Work required
In this exercise, the entries below include pictures. Repeat exactly the lines from the line with "Solid 925 Silver" to the line with "Red Rhinestone Strawberry, Crystal", including both, but without the pictures.

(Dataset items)
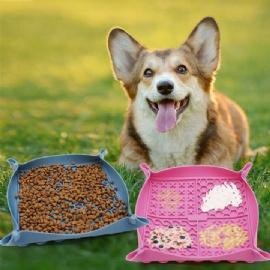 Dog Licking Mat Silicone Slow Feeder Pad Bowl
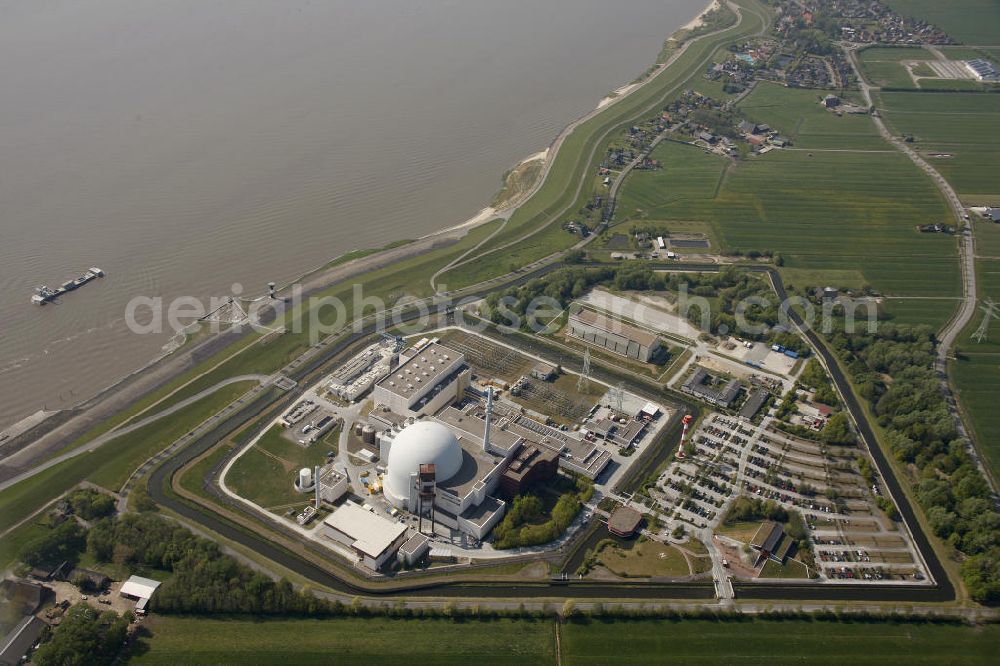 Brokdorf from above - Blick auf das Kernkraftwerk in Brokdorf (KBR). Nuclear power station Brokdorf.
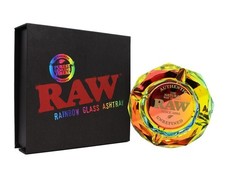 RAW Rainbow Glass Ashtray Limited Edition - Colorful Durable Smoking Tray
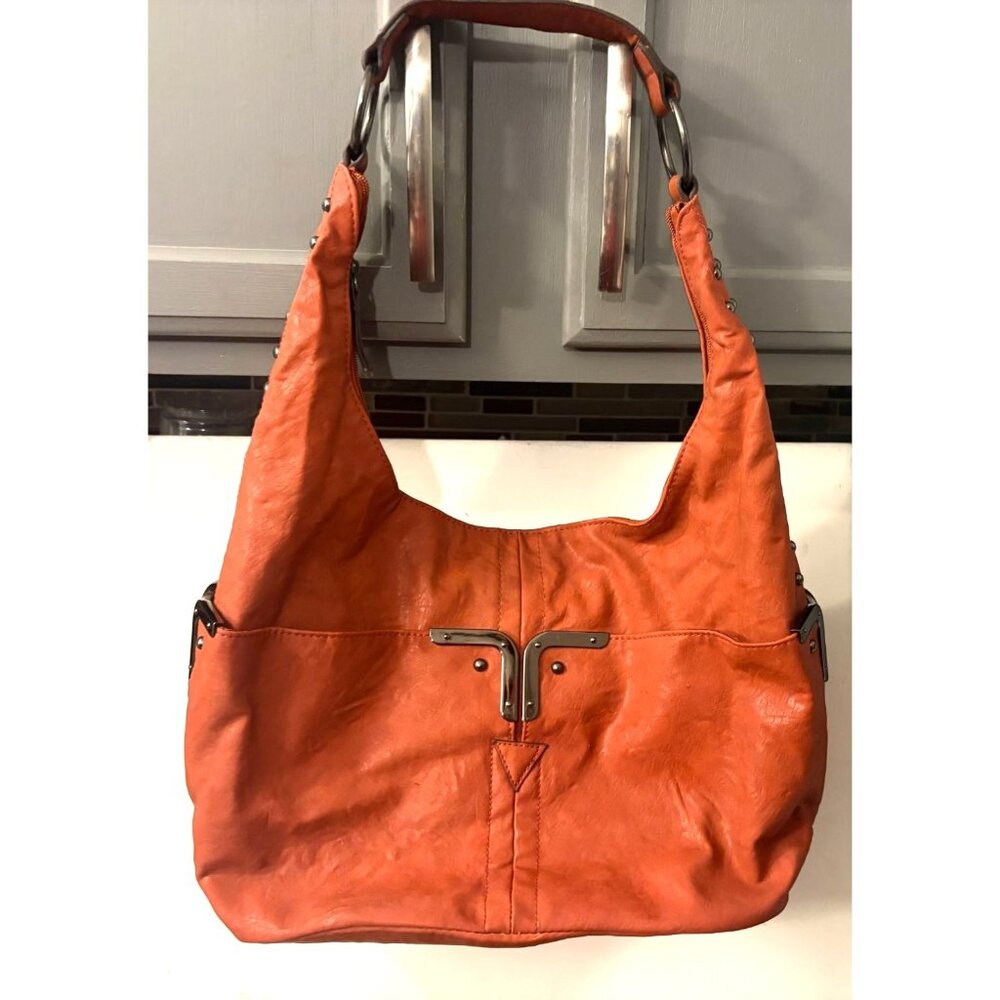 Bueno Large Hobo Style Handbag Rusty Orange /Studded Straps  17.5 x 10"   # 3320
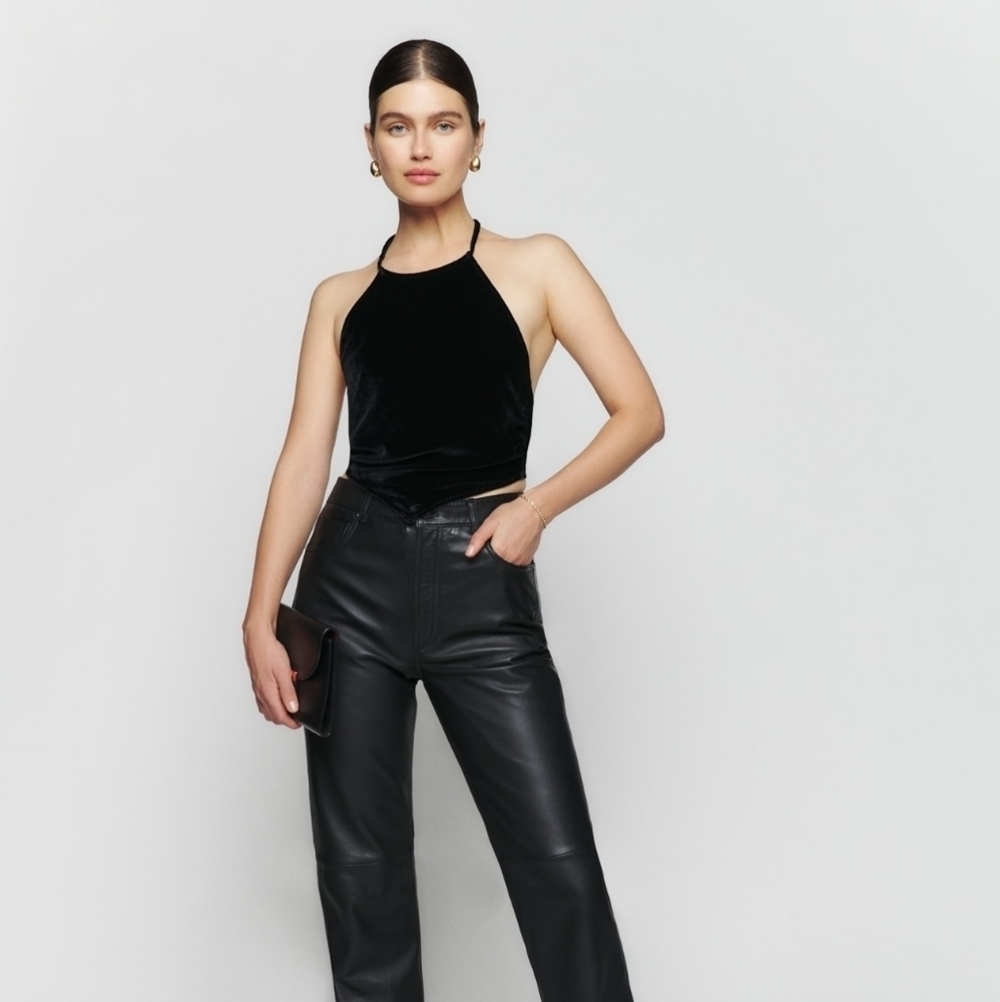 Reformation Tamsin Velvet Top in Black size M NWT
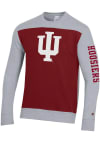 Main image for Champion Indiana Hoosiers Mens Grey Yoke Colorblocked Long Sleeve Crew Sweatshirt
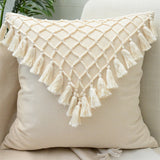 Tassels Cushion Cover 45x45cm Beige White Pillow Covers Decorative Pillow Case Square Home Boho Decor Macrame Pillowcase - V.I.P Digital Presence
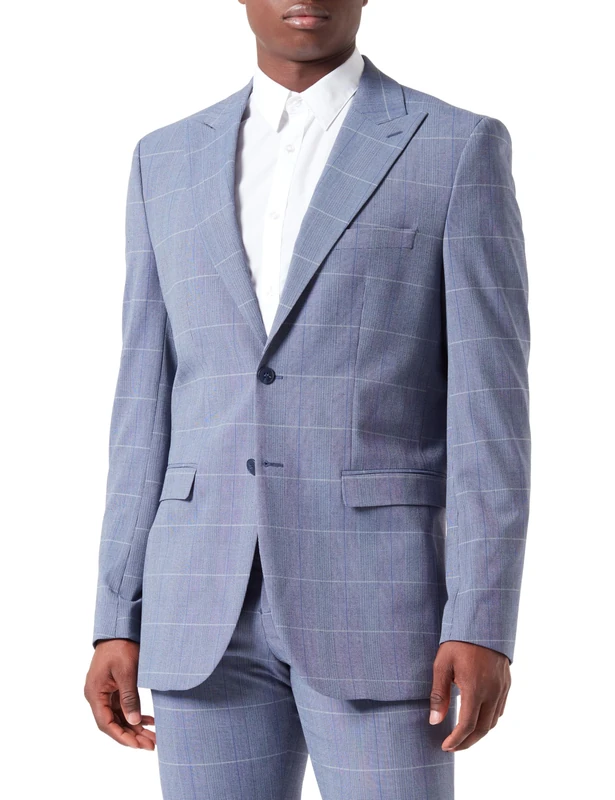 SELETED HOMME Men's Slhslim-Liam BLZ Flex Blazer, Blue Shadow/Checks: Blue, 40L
==
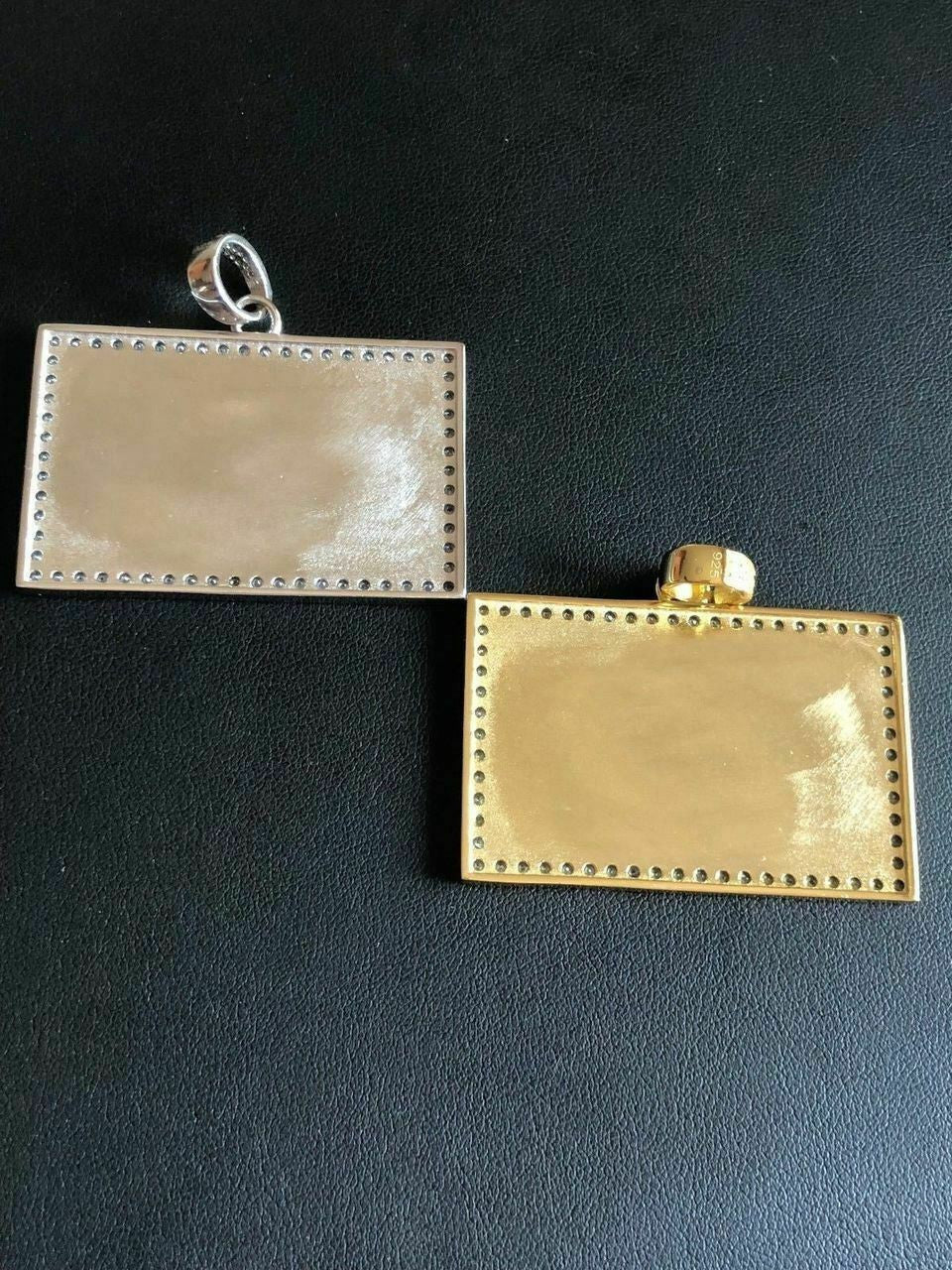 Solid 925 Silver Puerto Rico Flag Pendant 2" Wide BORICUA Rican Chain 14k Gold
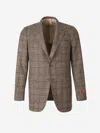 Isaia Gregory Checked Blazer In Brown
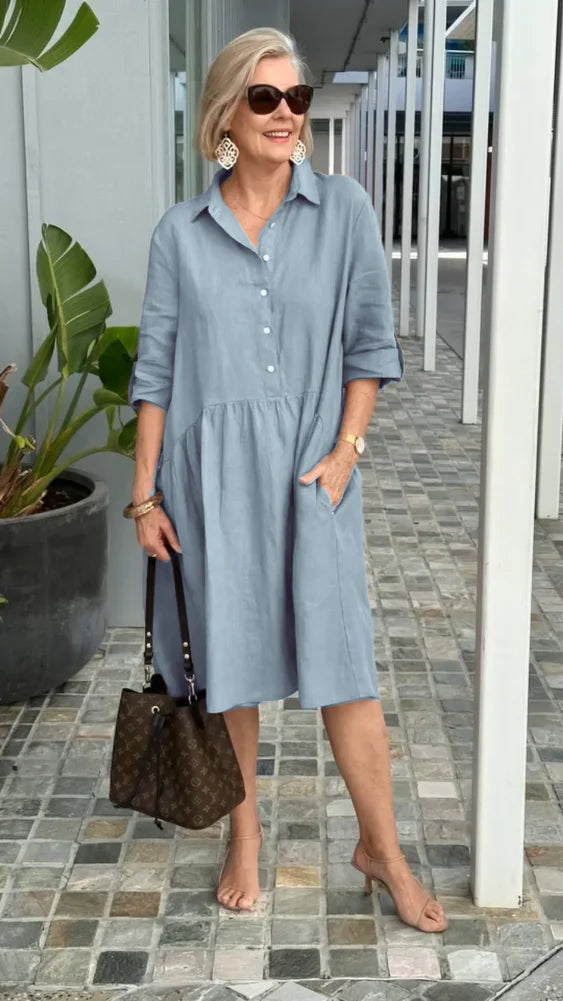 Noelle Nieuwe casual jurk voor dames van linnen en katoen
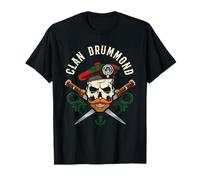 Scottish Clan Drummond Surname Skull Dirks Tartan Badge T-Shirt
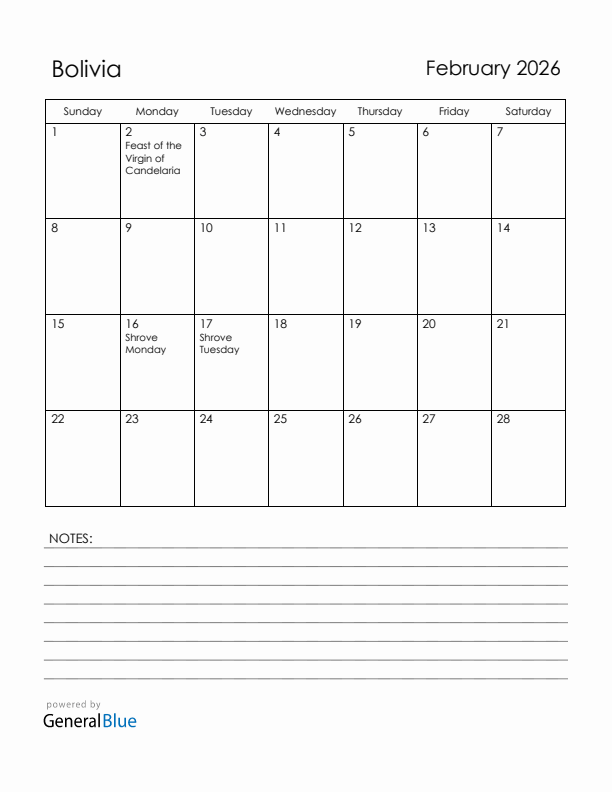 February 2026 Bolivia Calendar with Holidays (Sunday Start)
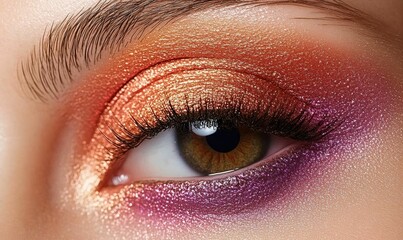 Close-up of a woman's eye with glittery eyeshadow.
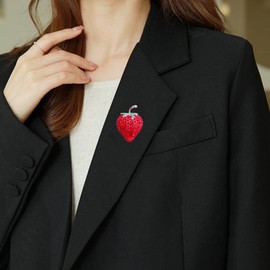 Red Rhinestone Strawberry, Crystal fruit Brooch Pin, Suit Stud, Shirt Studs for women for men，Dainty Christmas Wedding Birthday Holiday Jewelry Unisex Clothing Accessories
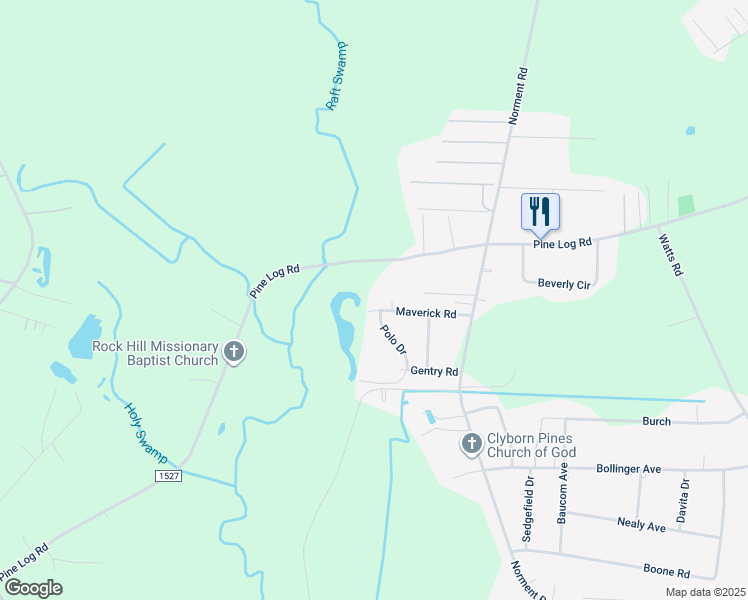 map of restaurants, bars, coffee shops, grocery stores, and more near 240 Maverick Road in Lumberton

Task response
 Solid 925 Silver Puerto Rico Flag Pendant 2" Wide BORICUA Rican Chain 14k Gold
 Isaia Gregory Checked Blazer In Brown
 Noelle Nieuwe casual jurk voor dames van linnen en katoen
 Scottish Clan Drummond Surname Skull Dirks Tartan Badge T-Shirt
 February 2026 Bolivia Calendar with Holidays (Sunday Start)
 Close-up of a woman's eye with glittery eyeshadow.
 Red Rhinestone Strawberry, Crystal fruit Brooch Pin, Suit Stud, Shirt Studs for women for men，Dainty Christmas Wedding Birthday Holiday Jewelry Unisex Clothing Accessories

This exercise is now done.